Annetje Rapalje (1646- )

Annetje Rapalje was born 8 Feb 1646 in New Amsterdam, 9th child and 6th daughter of Joris Rapalje and Catalina Tricot. She is the 9th great-grandmother of my son-in-law. The family was extraordinarily lucky: of Annetje’s ten siblings, only one died young, all others went on to have families, and play a large role in the history of New York, New Jersey and the nation.

Annetje’s parents had come from France, via Amsterdam, to New Netherland in Jan 1623/4. Their first child Sarah was the “first white child born in the New World.”

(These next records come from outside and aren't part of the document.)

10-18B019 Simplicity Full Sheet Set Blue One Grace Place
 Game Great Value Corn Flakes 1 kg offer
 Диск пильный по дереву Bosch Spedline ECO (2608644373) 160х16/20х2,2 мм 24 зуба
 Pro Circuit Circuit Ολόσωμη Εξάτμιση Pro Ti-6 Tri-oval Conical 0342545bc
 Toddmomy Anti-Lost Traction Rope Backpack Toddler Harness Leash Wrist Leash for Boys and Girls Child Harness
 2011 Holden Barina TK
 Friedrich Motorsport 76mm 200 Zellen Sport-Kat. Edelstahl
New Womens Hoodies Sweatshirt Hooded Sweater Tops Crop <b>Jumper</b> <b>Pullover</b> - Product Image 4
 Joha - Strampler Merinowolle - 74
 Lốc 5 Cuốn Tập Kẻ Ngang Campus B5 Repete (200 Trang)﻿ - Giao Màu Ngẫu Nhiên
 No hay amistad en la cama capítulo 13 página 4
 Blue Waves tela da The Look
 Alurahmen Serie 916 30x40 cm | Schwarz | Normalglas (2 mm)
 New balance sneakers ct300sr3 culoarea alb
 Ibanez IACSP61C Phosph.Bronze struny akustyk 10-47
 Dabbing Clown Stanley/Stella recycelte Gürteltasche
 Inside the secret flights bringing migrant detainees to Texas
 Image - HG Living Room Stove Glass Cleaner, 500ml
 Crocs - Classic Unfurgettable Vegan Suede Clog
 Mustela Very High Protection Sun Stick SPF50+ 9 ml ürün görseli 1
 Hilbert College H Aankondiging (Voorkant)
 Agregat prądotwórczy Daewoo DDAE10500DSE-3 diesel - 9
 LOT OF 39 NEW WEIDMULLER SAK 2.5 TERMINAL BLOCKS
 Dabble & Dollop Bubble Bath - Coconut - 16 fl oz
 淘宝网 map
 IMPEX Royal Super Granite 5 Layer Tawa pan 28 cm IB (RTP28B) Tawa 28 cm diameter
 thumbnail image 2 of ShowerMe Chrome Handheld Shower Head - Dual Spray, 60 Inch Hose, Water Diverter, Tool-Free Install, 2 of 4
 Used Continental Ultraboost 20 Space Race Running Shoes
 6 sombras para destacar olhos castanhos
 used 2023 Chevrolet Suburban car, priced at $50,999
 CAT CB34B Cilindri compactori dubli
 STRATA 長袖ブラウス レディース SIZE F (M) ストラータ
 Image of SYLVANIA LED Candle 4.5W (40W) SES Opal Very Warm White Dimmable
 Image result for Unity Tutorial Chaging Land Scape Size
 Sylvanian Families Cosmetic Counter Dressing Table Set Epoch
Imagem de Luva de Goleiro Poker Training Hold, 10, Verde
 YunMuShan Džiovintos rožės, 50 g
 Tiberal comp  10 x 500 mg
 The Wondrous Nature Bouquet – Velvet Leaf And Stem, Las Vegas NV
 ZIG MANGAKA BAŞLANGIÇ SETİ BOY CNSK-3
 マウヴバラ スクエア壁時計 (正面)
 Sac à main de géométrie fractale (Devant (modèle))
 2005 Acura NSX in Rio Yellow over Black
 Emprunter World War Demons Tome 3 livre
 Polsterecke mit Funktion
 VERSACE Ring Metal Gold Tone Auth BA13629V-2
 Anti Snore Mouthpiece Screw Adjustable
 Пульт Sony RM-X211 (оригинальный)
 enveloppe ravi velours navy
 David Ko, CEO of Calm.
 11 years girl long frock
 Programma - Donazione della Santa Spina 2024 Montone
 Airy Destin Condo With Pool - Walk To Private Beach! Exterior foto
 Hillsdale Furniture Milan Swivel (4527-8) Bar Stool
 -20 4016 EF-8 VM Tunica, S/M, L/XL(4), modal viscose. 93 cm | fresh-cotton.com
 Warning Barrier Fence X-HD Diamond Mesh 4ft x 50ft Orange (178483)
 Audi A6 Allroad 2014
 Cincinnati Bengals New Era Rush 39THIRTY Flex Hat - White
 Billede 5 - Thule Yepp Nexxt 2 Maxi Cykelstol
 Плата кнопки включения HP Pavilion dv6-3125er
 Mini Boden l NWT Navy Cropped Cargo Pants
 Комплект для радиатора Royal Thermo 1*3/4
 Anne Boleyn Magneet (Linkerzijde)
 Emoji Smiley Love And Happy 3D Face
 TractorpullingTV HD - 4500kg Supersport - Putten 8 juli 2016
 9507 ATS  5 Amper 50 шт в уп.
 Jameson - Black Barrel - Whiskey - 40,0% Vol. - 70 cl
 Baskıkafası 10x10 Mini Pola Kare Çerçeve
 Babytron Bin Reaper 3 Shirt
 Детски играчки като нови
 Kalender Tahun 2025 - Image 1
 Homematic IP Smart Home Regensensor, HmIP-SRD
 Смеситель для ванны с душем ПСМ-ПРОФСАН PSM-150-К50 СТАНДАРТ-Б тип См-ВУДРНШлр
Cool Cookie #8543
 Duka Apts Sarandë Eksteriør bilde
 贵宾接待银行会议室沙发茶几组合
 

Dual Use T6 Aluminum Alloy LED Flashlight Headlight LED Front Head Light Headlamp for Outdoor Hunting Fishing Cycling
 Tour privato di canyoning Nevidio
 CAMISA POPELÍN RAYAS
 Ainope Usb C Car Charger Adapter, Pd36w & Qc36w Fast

Annetje married Marten Reyerszen, who was born and baptized in Amsterdam, and was in New Netherland before 1663, when he was admitted as member of the Dutch Reformed Church of Brooklyn. They go on to have ten children; the naming pattern conforms mostly to expectations: Marritie (his mother), Joris (her father), Ryer (his father), Catalijntje (her mother), Sara (her sister), Geertje (his sister), Jacobus (her brother), Helena (?), Cornelius (?), and Frans (his maternal grandfather). All except Jacobus are known to have married and produced offspring. Annetje died after 1691, when she is a sponsor at the baptism of one of her grandchildren.

The accepted wisdom is that Marten came with his brother Adrian to the new world. Marten is the progenitor of the Reyersen family; Adrian’s descendants call themselves Adriance (son of Adrian), possibly to distinguish themselves from the other family. I am however not convinced that they are brothers. I have not been able to find a baptism in Amsterdam for an Adrian, whose parents also had a son Martin. Adrian is never a sponsor at any of the baptisms of Marten’s children. Marten does not name any of his children after Adrian, while he does name a child after his proven sister Geertruy. Adrian is in the new world before 1659, when he married Annetje Schenck in Midwout, Long Island, Marten is only mentioned starting in 1663.

Annetje and her husband are part of the history of the US, and both are connected to the Netherlands, which makes it doubly interesting to me. As an immigrant from the Netherlands, other immigrants from that small country have a certain appeal. While our circumstances were vastly different, I do feel a connection.